# Disapointed in what I have starting over.



## Bugflipper (Apr 16, 2010)

First of all I have a set of 10w3v3 and a tma 500 amp. A long story but a guy owed me some money and put them up as collateral, anyways I ended up with them. They are not absolutely terrible, but of coarse there are better out there. They are coming out and I already have or have on order all but the new sub and of coarse have to fab a box which I have plenty of room for.

Setup is a nakamichi hu. HAT legatia for front, imagines for rear. Sundown sax100.4 running them. Sub amp is being shipped, a sundown saz 1500d. 800w @ 2ohm, 1500w @ 1 ohm.

My problem is this, music preferences have shifted to some hyper kick drum action. The Agonist is one group I listen to now, a death metal female lead band. I still listen to the norm for audiophiles who like classical/rock/metal. But the newer stuff lacks a little bass compared to the norm. Assuming they are using dual pedals on the kick drum, hell some of them today even run two or three drummers. So the best way I can describe it is hyper kick drum. 

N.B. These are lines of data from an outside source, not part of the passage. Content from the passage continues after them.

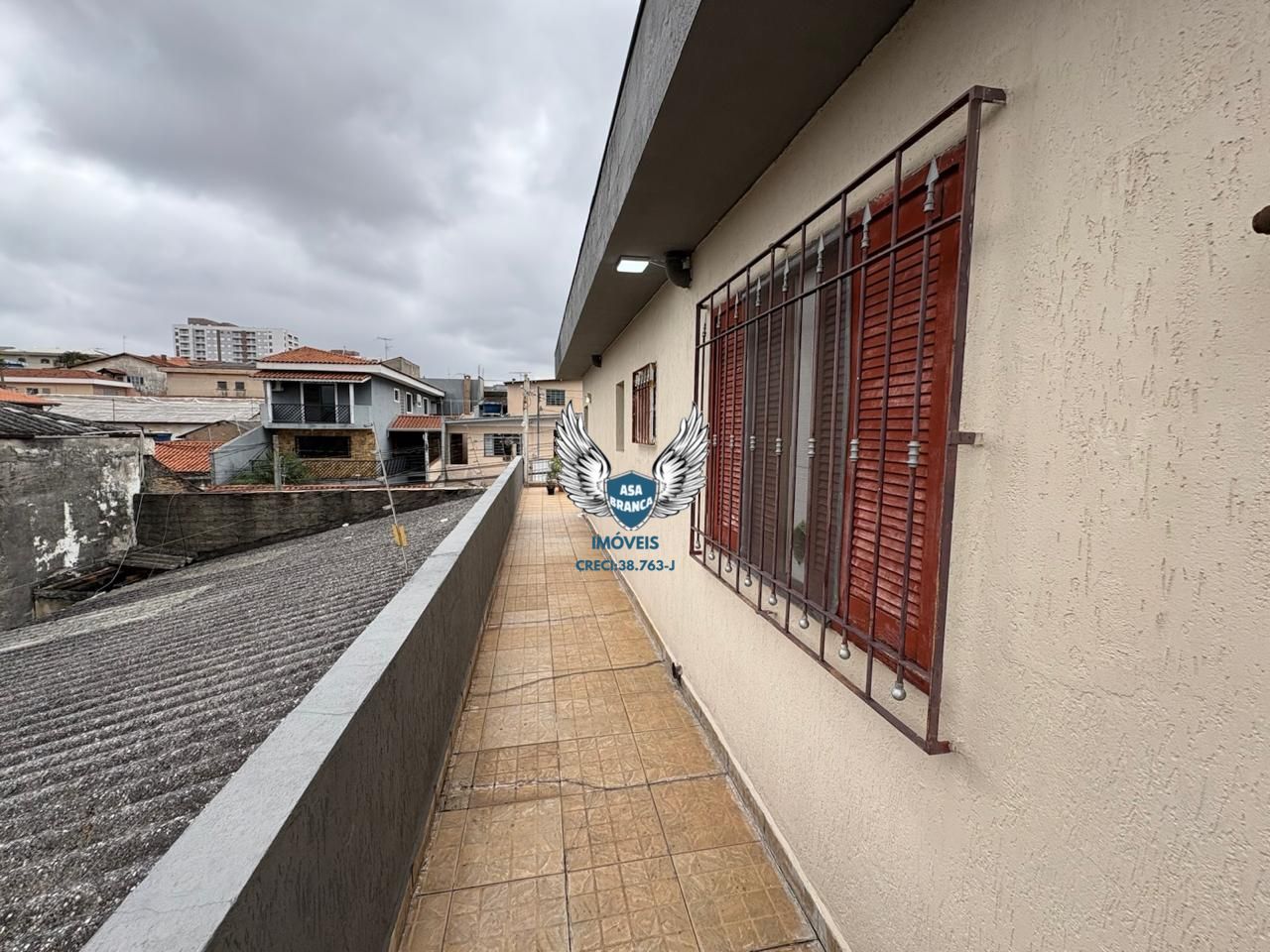 Sobrado no tucuruvi com 02 dormitórios e 02 vagas de garagem ( próximo ao shoppi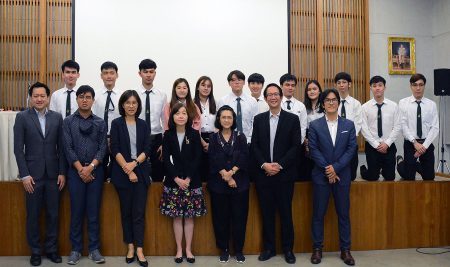 การสัมมนาทางวิชาการภาควิชาเศรษฐศาสตร์ คณะเศรษฐศาสตร์ มหาวิทยาลัยเกษตรศาสตร์  ในหัวข้อ “มองผลกระทบโควิด 19 ต่อเศรษฐกิจไทย by นักเศรษฐศาสตร์รุ่นเยาว์”  วันพุธที่ 28 ตุลาคม 2563  เวลา 09.30 – 12.00น.   ณ ห้อง EC5205 อาคารปฏิบัติการ คณะเศรษฐศาสตร์ มหาวิทยาลัยเกษตรศาสตร์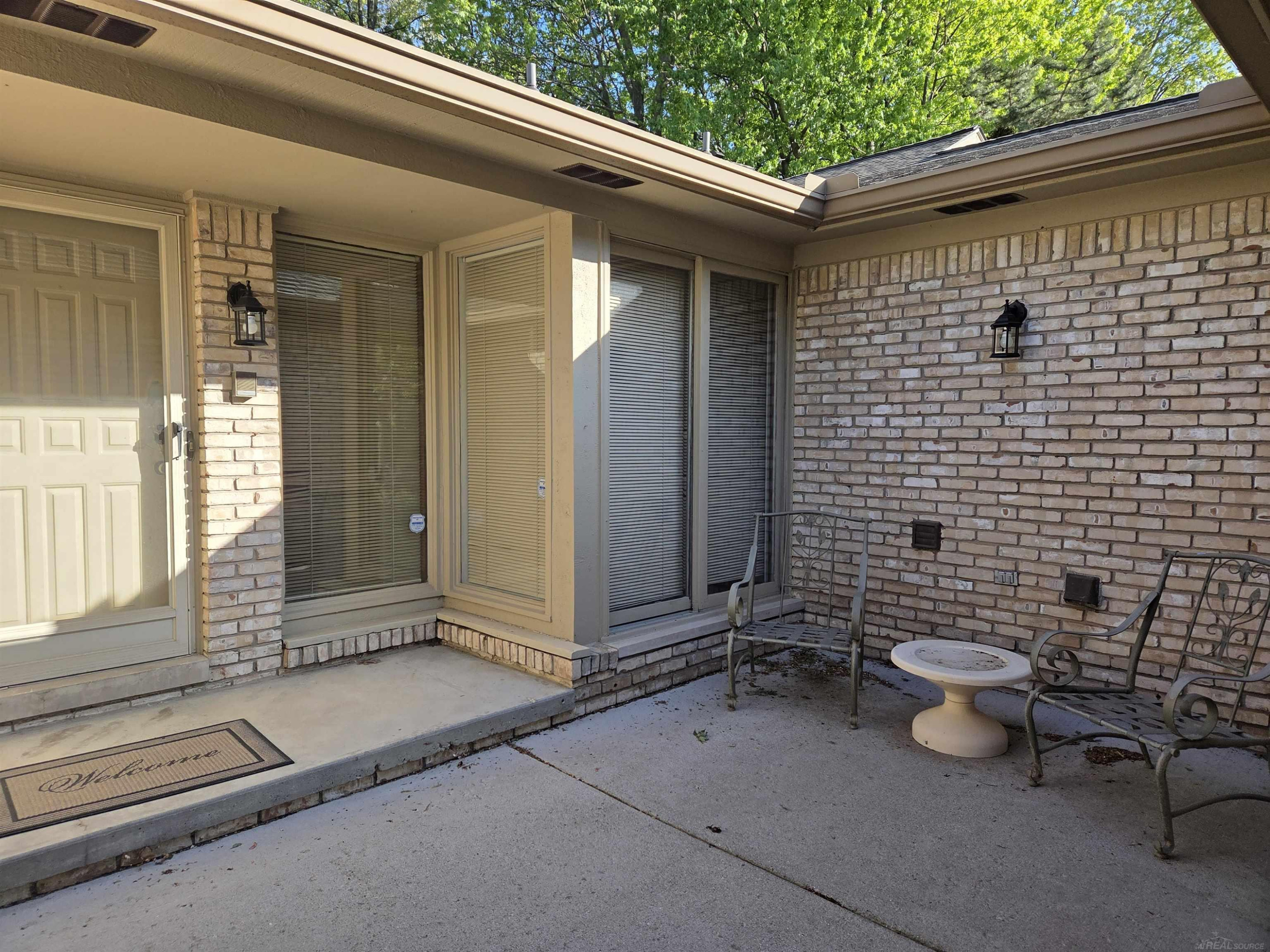 43064 W Kirkwood Drive, Clinton Twp, MI 48038 — Photo 2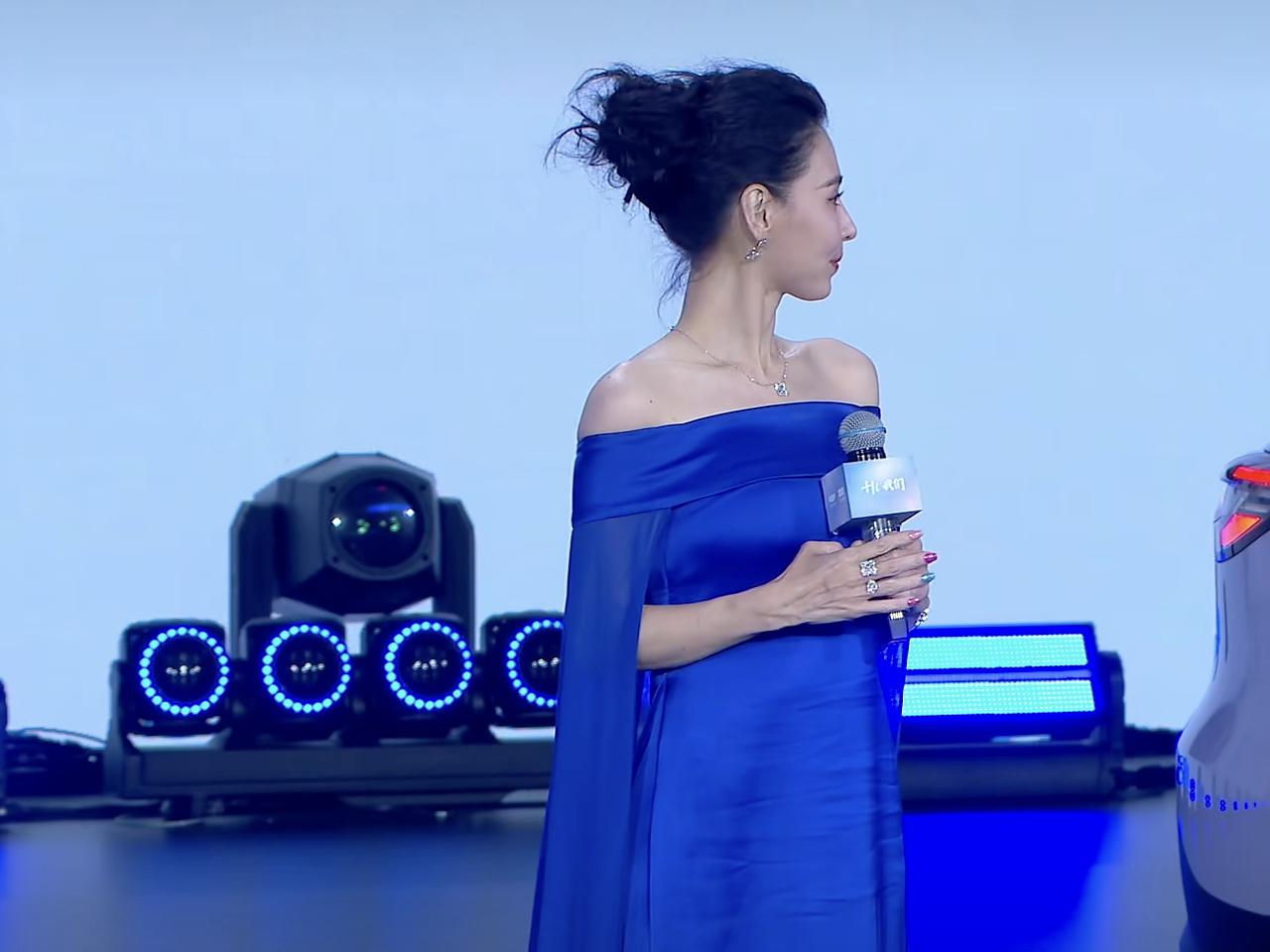 我新发布的内容被官方推荐啦！
 张柏芝 如此优越的头骨，好美啊😍张柏芝生图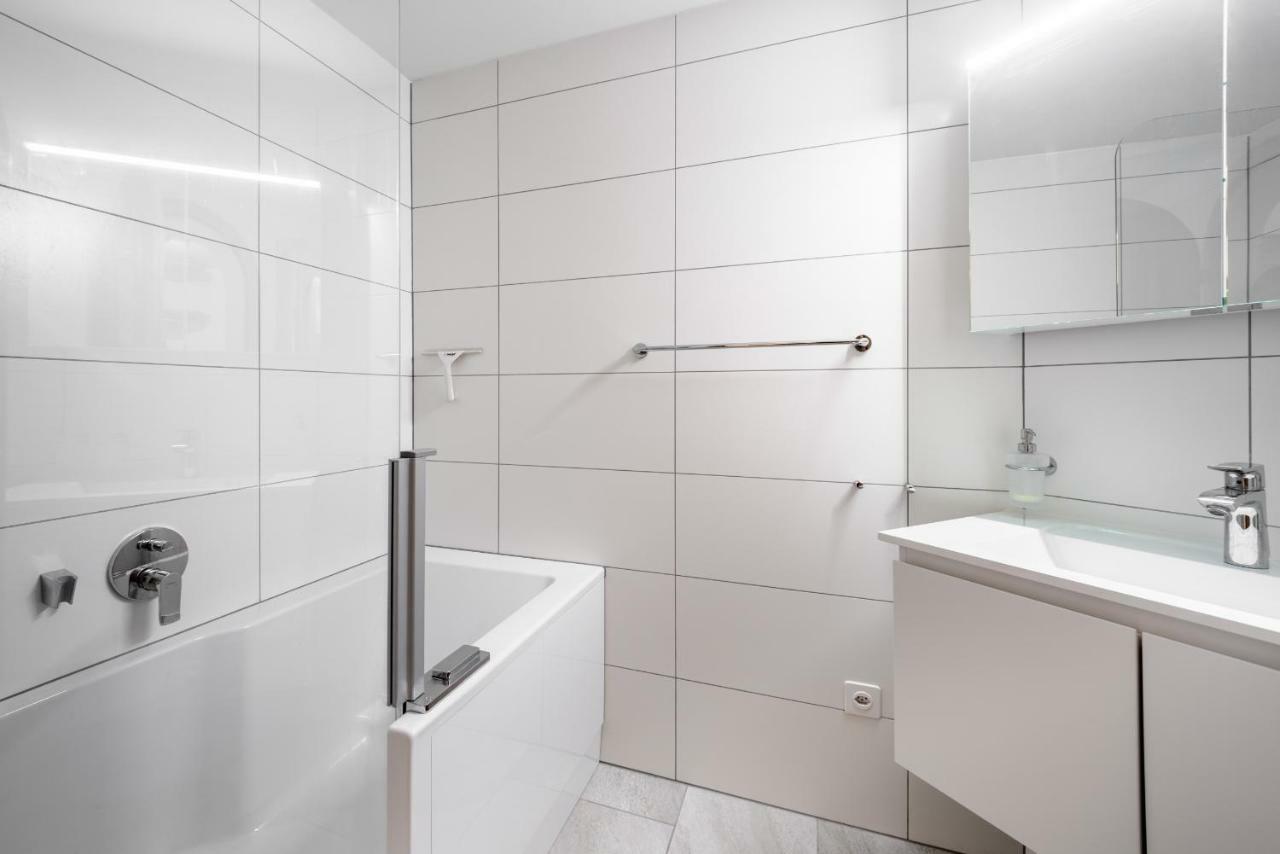 Laax Homes - Runca 752 フリムス エクステリア 写真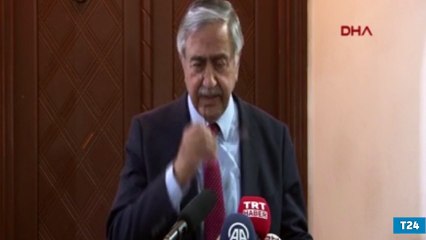 Скачать видео: KKTC Cumhurbaşkanı Akıncı ve Anastasiadis 10 ay sonra ilk kez bir araya geldi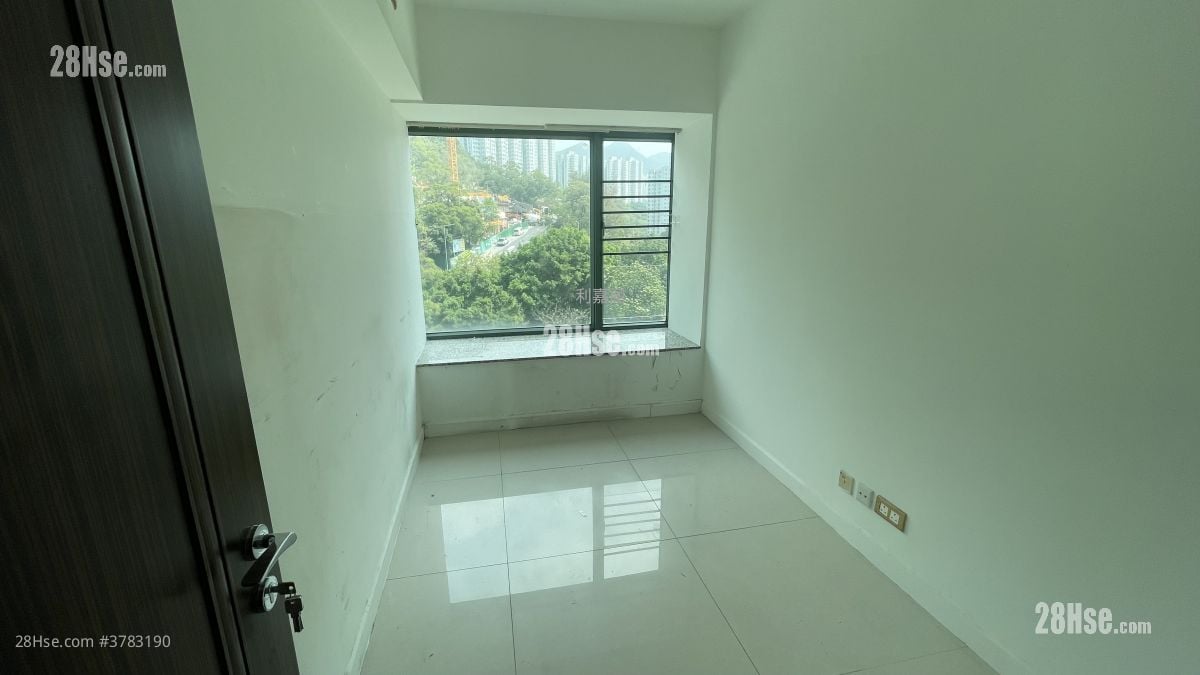 尚御 售盘 4 房 , 3 浴室 1,614 平方尺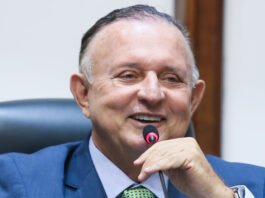 Campo Formoso ‘pega fogo’ com nova etapa da Operação Overclean enquanto Adolfo curte o gelo da Groenlândia; veja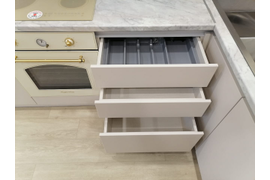 Кухня белая альберика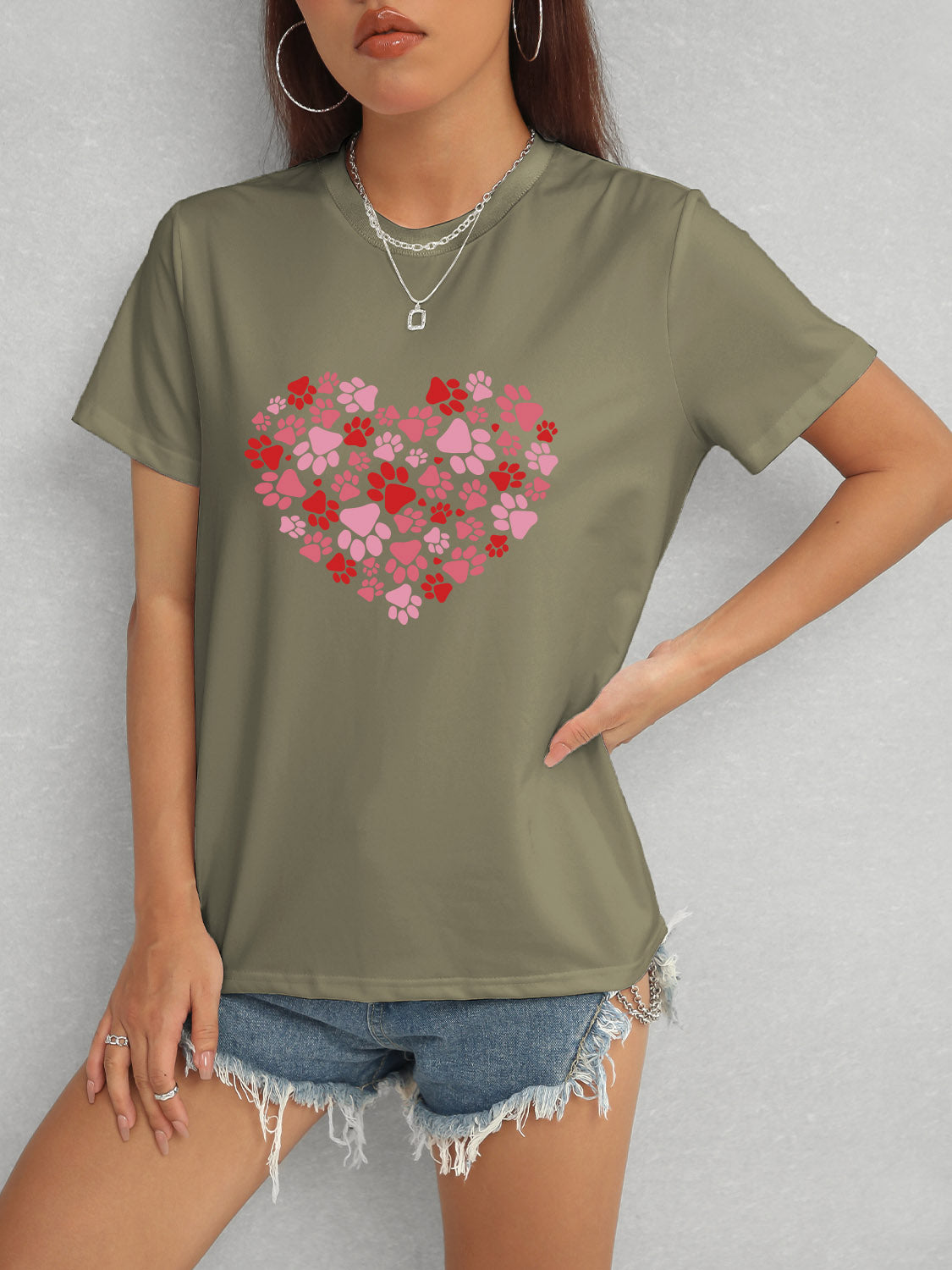 Green Heart Round Neck Short Sleeve T-Shirt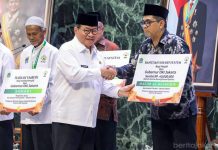 PEMPROV DKI SERAHKAN HADIAH UMRAH BAGI MARBUT DAN JUARA MTQ
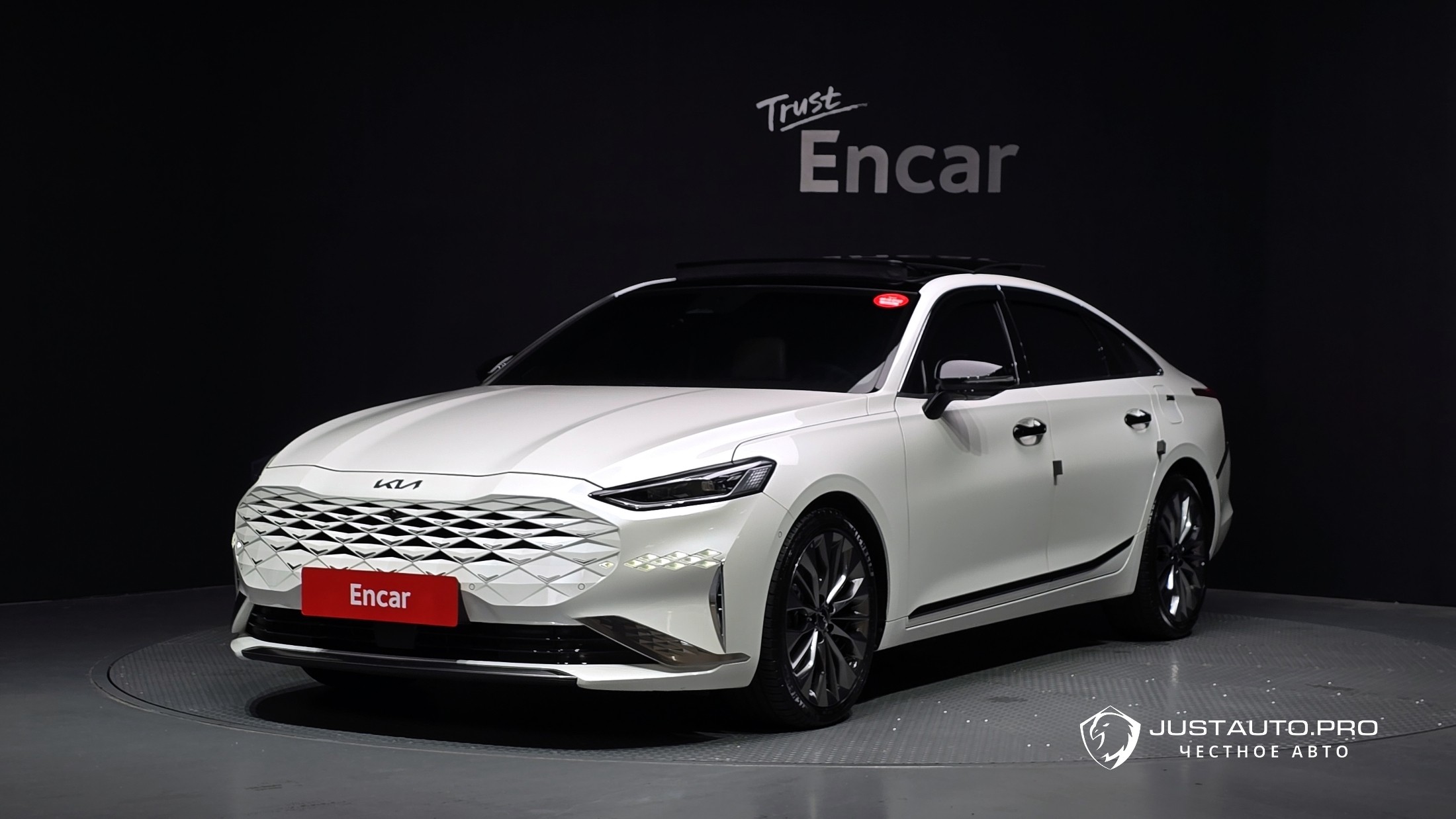 Автомобиль Kia K8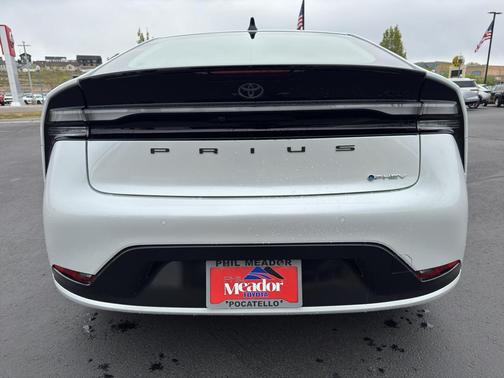Wind Chill Pearl 2026 Toyota Prius Plug-In Hybrid XSE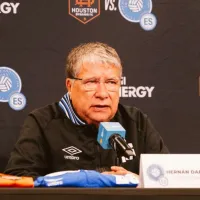 Revés al Bolillo Gómez: legionario de El Salvador se baja de la convocatoria en plena fecha FIFA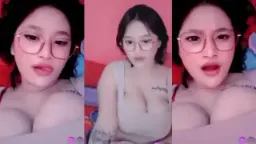 Gadis Mungil 13 Tahun Dengan Kecambah Ranum Yang Menggoda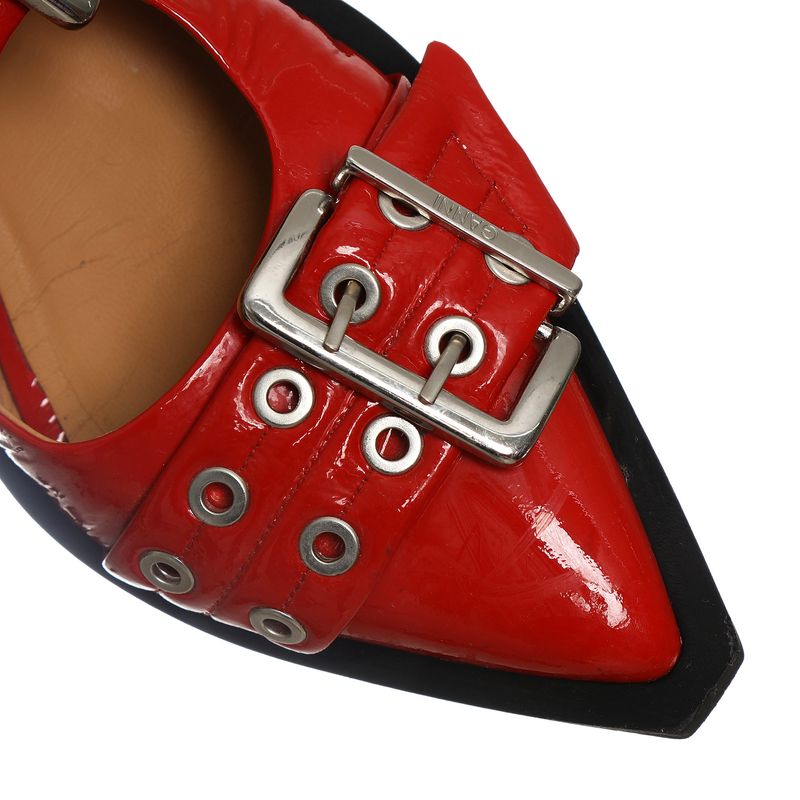 Sapatilha-Ganni-Wide-Welt-com-Fivela-Vermelha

I want spl output due to the lack of hang around of the bass note. They are just sharp quick punchy blasts. So the sub also has to not only produce a clean quick note, but also a split second later hit it again. I was thinking a single 15 to give a little output since the 2 10's tuned to 34 hz was not enough. I realize the 10w3v3 do not have a lot of output to begin with, but I really want at least double the spl that they are running. Everyone keeps on saying sundown sa-15. I am not up enough on subs today to make a conscious decision, the last one I actually bought was a brahma. I was hoping to utilize the 1 ohm at 1500 rms. 
Thanks for your time and opinions.


----------



## Oliver (Jun 25, 2007)

Re Audio SXX15D2 15" 1,000 Watts RMS Dual Voice Coil 2 Ohm Car Audio Subwoofer 

Re Audio SXX15D2 15" 1,000 Watts RMS Dual Voice Coil 2 Ohm Car Audio Subwoofer
These subs are made to pound bass for long periods of time without getting damaged over time. With 1,000 true RMS watts, this sub is one of the most powerful 15" subs on the market. The end result is a subwoofer that can handle more heat, meaning you can keep the volume up without the sub ever skipping a beat or getting tired!


----------



## jimmy2345 (Jul 12, 2010)

I would look at numerous smaller quality subs. You want quick transients, and also high SPL....multiple subs in the proper enclosure will give you what you want.


----------



## Bugflipper (Apr 16, 2010)

That may be fine as well open to ideas. I generally have always went with 10s or 12s. This is just stumping me. I have a diycable shiva and it of coarse can keep up, but lacks much authority on the same tracks. My solution was cone area to move more air because I had heard that you didn't have to stay with 10" anymore to get the transient response. But guaranteed I am open to any ideas. I have tried to mix in a bit of bass boost but of coarse it turns boomy and muds things up.
Thanks guys keep them coming. Any size is fine by the way. My budget is not unlimited so I will have to stick with say $500.


----------



## sqoverspl (Aug 17, 2009)

Id look into the dayton ho or idq/idmax


----------